◆ **Data supplied**
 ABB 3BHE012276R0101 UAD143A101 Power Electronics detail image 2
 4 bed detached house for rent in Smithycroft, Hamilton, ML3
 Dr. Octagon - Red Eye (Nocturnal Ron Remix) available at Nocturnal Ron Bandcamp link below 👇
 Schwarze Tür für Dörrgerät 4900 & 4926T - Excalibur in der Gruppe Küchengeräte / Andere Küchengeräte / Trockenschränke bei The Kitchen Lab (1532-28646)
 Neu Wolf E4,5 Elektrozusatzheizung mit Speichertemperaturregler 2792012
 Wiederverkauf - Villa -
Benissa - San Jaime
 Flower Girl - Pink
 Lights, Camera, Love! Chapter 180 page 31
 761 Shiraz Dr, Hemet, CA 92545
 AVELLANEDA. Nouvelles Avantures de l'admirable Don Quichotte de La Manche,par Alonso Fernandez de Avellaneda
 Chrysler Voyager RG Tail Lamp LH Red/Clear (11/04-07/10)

--

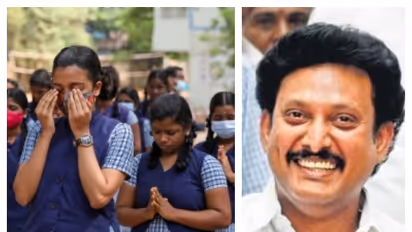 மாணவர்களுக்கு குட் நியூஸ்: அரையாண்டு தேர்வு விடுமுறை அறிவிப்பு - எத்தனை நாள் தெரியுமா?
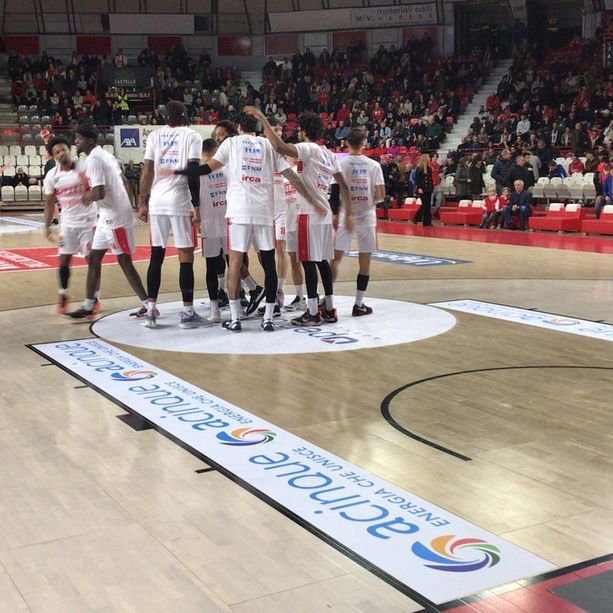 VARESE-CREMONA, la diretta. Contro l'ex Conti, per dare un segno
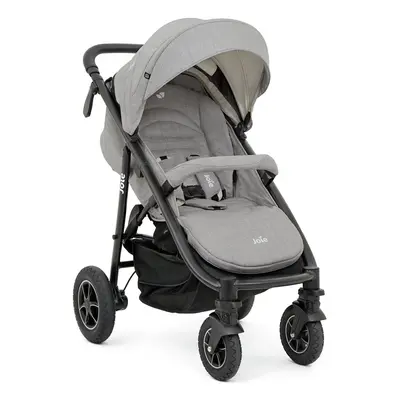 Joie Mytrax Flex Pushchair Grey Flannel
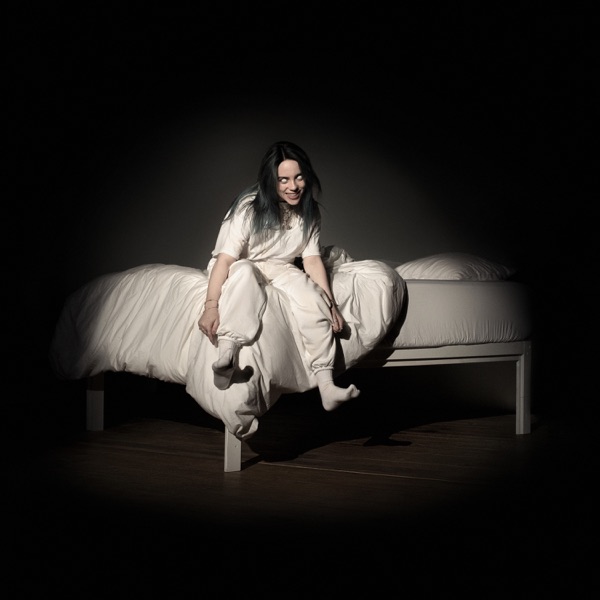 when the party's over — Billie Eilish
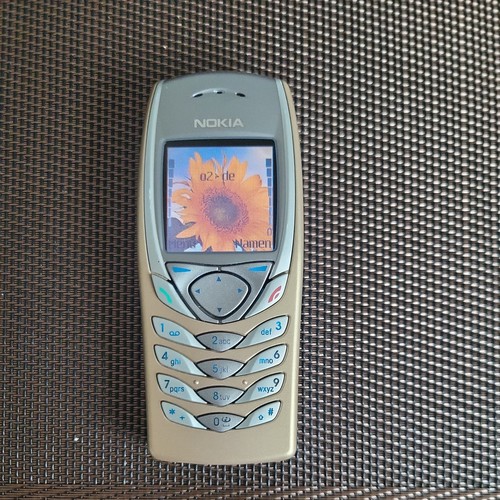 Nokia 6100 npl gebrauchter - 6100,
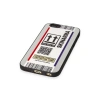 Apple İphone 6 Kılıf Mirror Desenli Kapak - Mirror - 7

◆ **Exercise goal**
What to print is the stretch of entries from the line with "when the party's over — Billie Eilish" up to and including the line with "Apple İphone 6". Please print it exactly and leave out the pictures.

◆ **Output for this task**
 when the party's over — Billie Eilish
 Nokia 6100 npl gebrauchter - 6100,
 Apple İphone 6 Kılıf Mirror Desenli Kapak - Mirror - 7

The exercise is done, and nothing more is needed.